• Information provided:
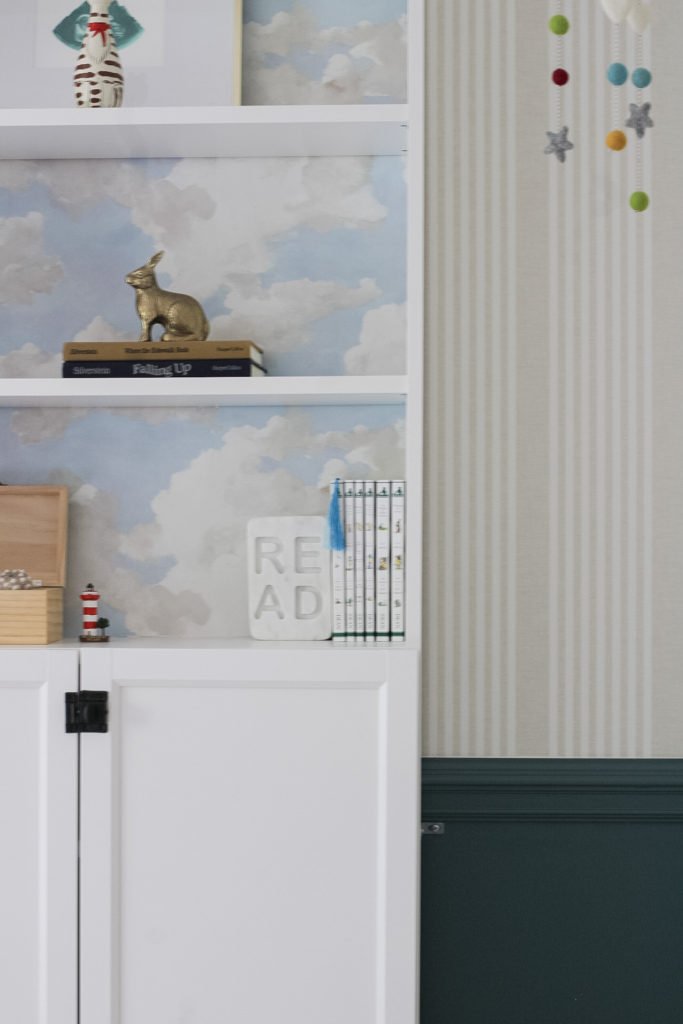 An Ikea billy bookcase that has blue cloud wallpapaer in the background. The walls are painted sherwin william's riverway on the lower half and above the chair rail is a linen stripe wallpaper. 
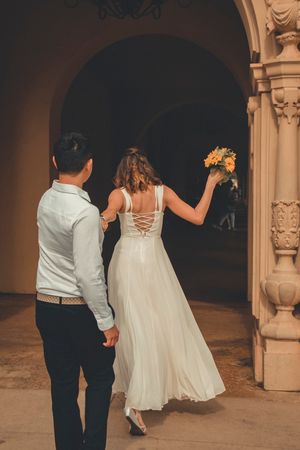 Couple walking through archway with bride holding sunflowers in flowing white dress.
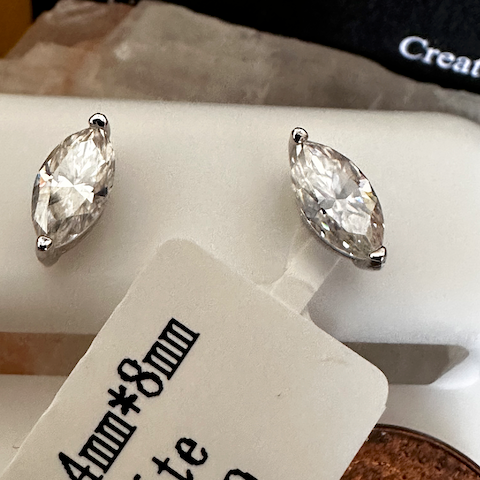 Pair of silver earrings with clear gemstones on a white stand with a label.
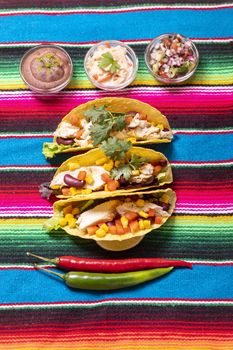 three mexican tacos on cloth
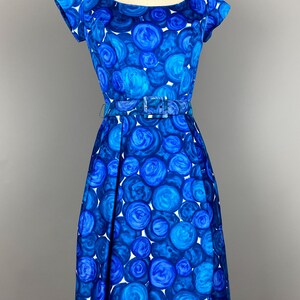 May include: A blue and white vintage dress with a circle pattern. The dress has a scoop neckline, short sleeves, and a fitted bodice. It is belted at the waist and has a full skirt.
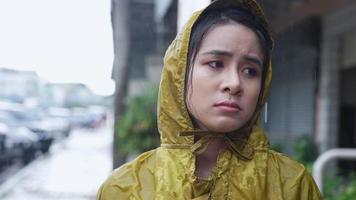 jolie fille asiatique porte un imperméable à capuche jaune coincé sous la pluie, déception face à la pluie battante, temps de la saison des pluies, se sentir triste et solitaire, mauvais chagrin orageux expression du visage malheureux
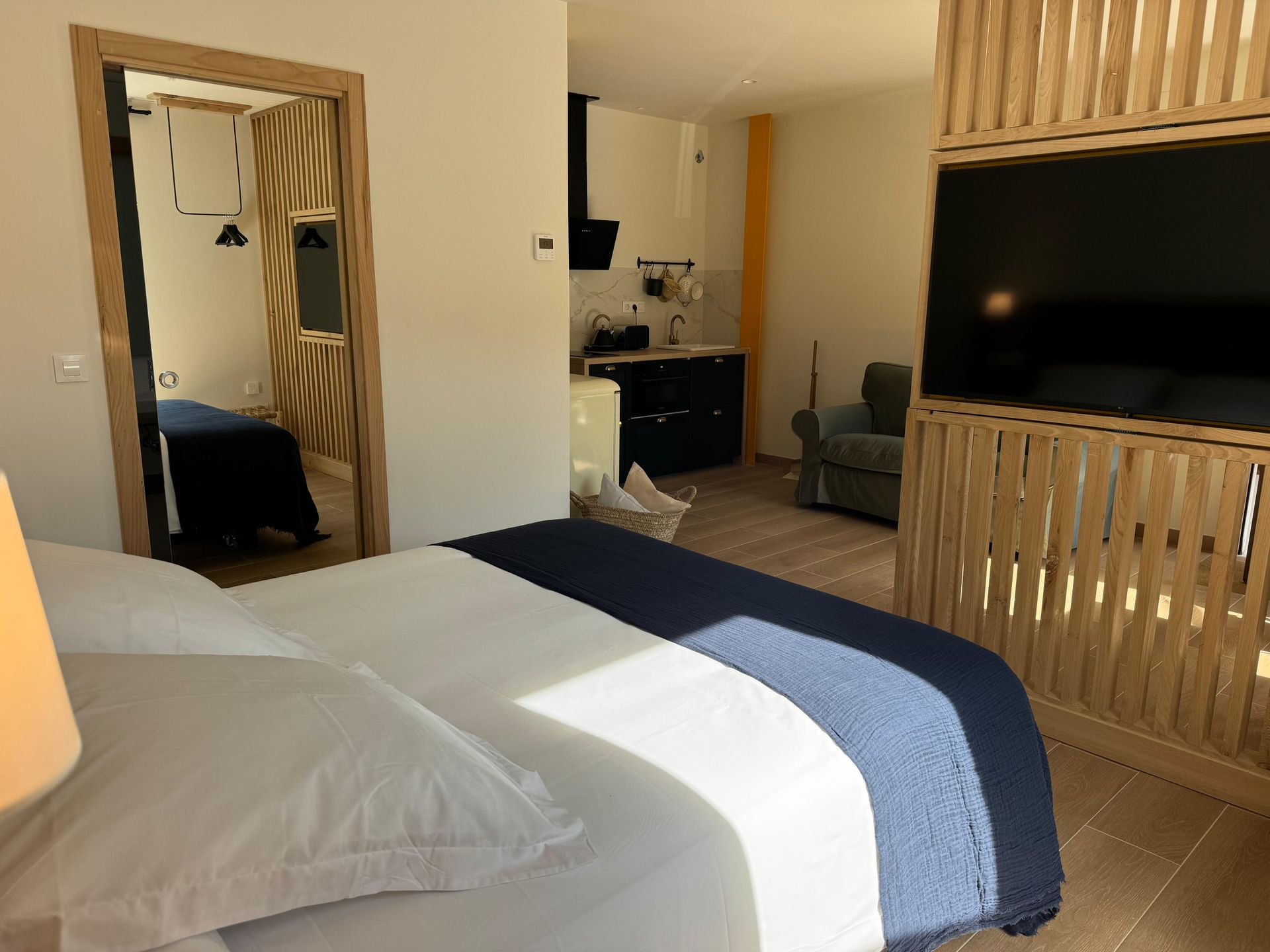 Dormitorio con cama, espejo, cocina y TV; interior iluminado por el sol con detalles en azul, blanco y madera.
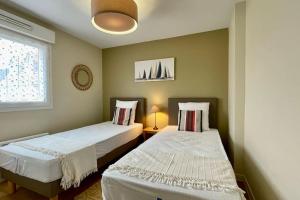 Łóżko lub łóżka w pokoju w obiekcie Appartement MerliDunes Proche de la plage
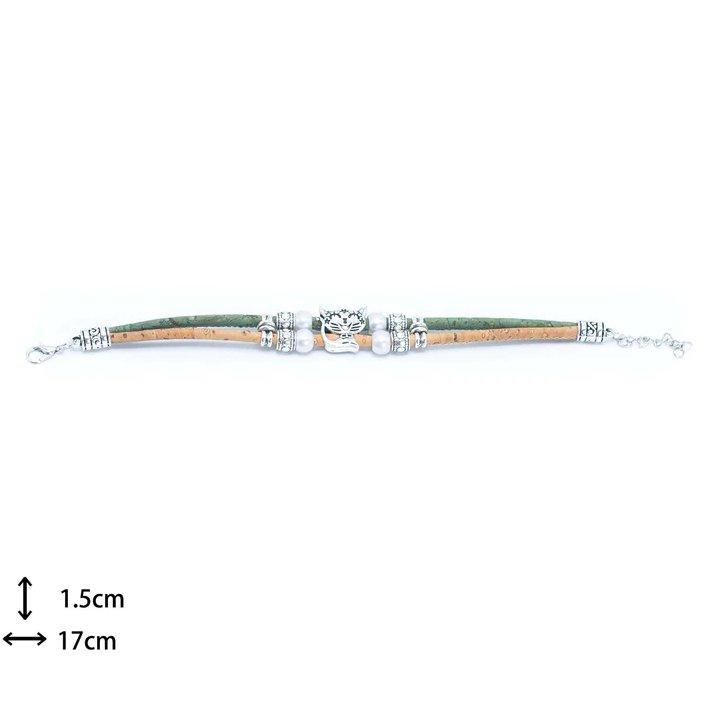 Das mehrreihige Korkarmband mit Holzstiften hat grüne und hellbraune Bänder, silberfarbene Perlen, einen zentralen Baumanhänger, ist umweltfreundlich und nickelfrei und misst 17 cm lang und 1,5 cm breit.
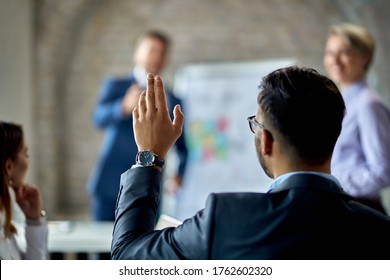 Rear view of a businessman raising his hand to ask the question during business presentation in the office.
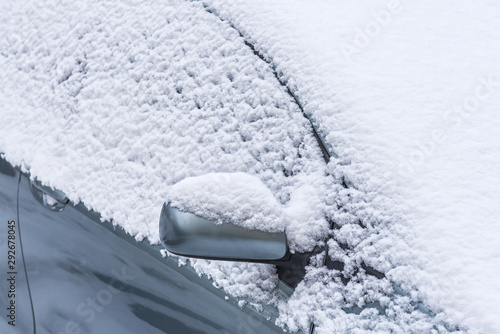 Frozen car window. Blizzart and snowstorm. Machine element covered with hoarfrost photo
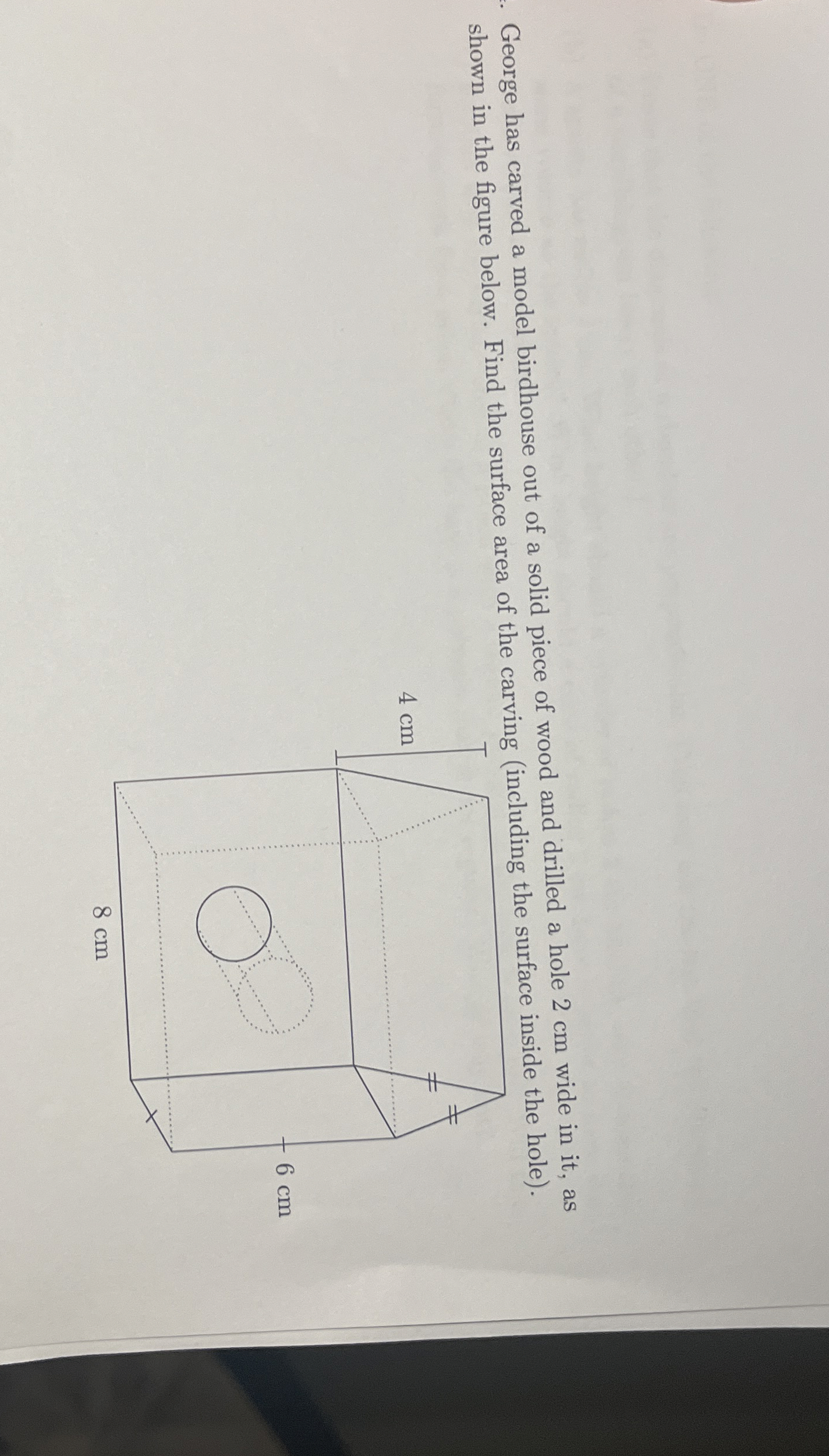 George has carved a model birdhouse out of a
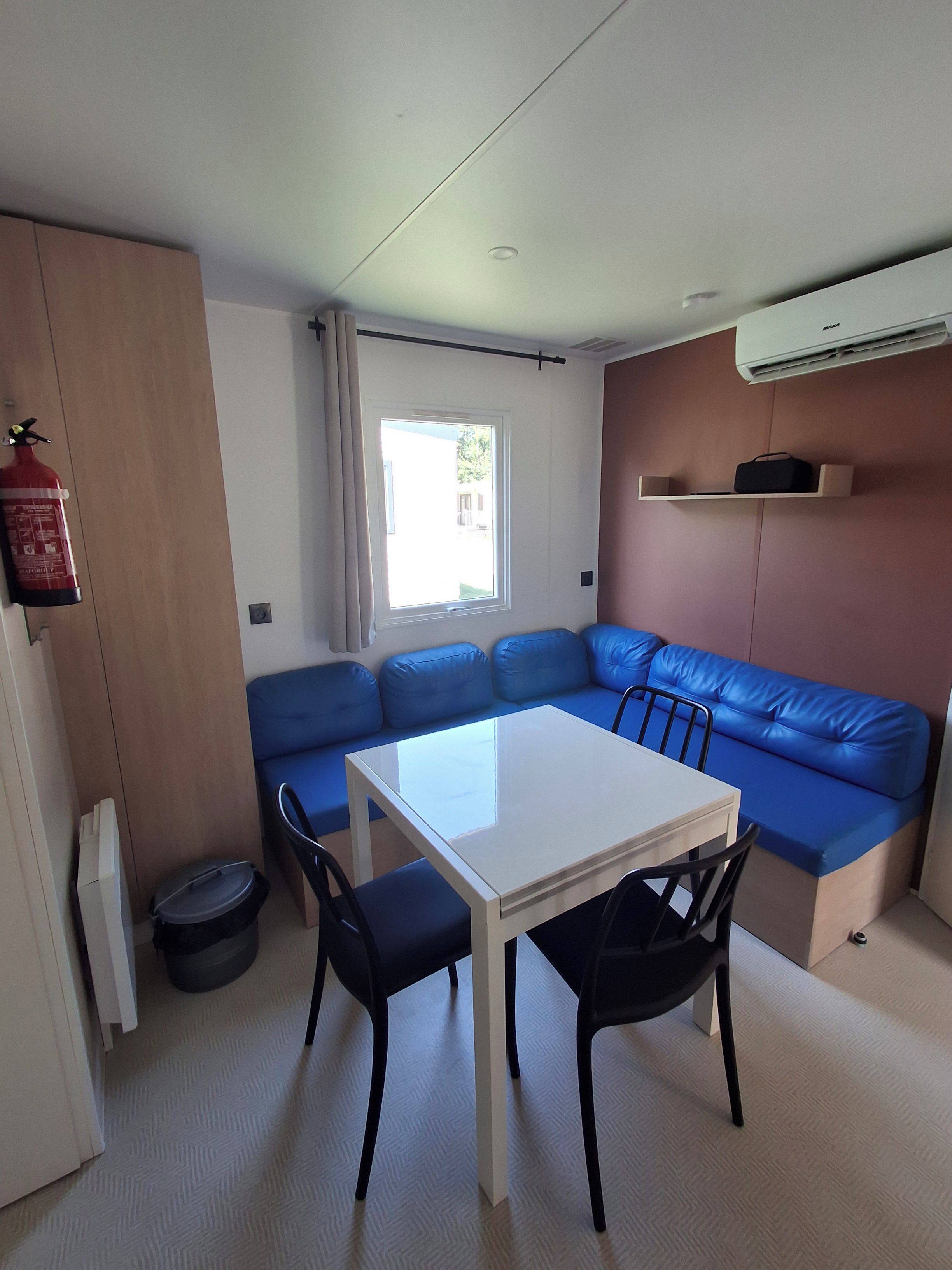 Un espacio habitable compacto con kitchenette, un sofá azul, una mesita y un ventanal.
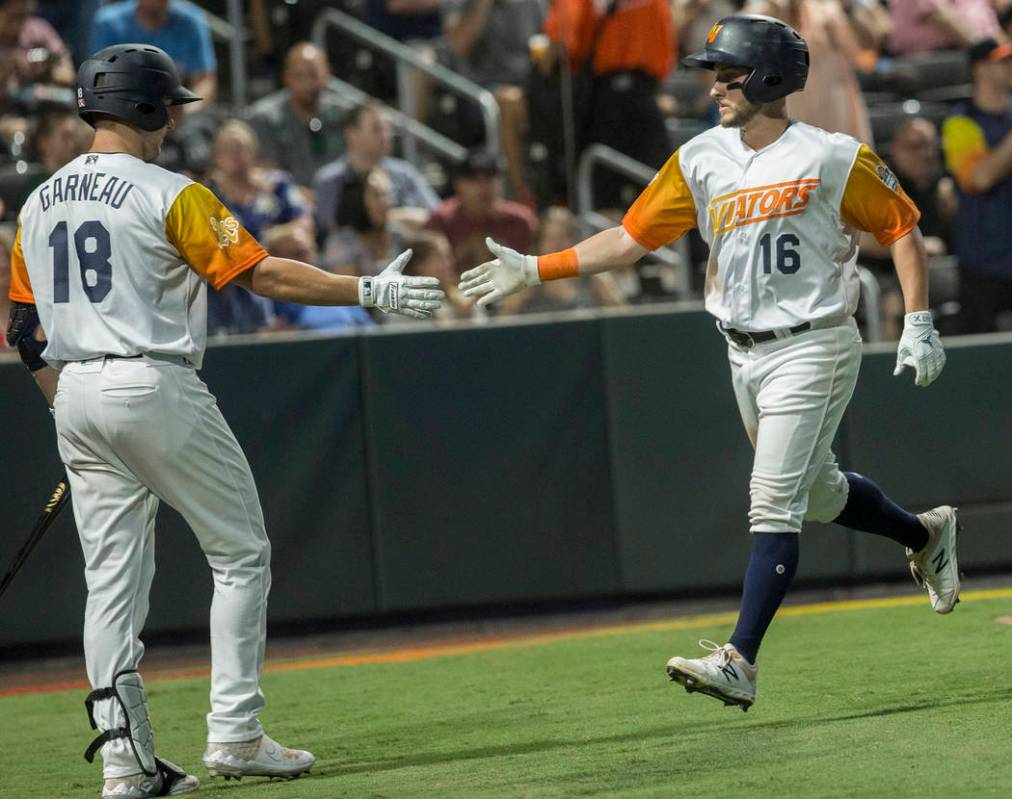 Las Vegas Aviators left fielder Mark Payton (16) gets a high five from Las Vegas Aviators catch ...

• Your task: Transcribe the listing above exactly, but only from the line with "May include: A" through the line with "Rear view of". Include both of those lines and omit the pictures.

• Exercise result:
 May include: A blue and white vintage dress with a circle pattern. The dress has a scoop neckline, short sleeves, and a fitted bodice. It is belted at the waist and has a full skirt.
 jolie fille asiatique porte un imperméable à capuche jaune coincé sous la pluie, déception face à la pluie battante, temps de la saison des pluies, se sentir triste et solitaire, mauvais chagrin orageux expression du visage malheureux
 Dormitorio con cama, espejo, cocina y TV; interior iluminado por el sol con detalles en azul, blanco y madera.
 Łóżko lub łóżka w pokoju w obiekcie Appartement MerliDunes Proche de la plage
 Das mehrreihige Korkarmband mit Holzstiften hat grüne und hellbraune Bänder, silberfarbene Perlen, einen zentralen Baumanhänger, ist umweltfreundlich und nickelfrei und misst 17 cm lang und 1,5 cm breit.
 Rear view of a businessman raising his hand to ask the question during business presentation in the office.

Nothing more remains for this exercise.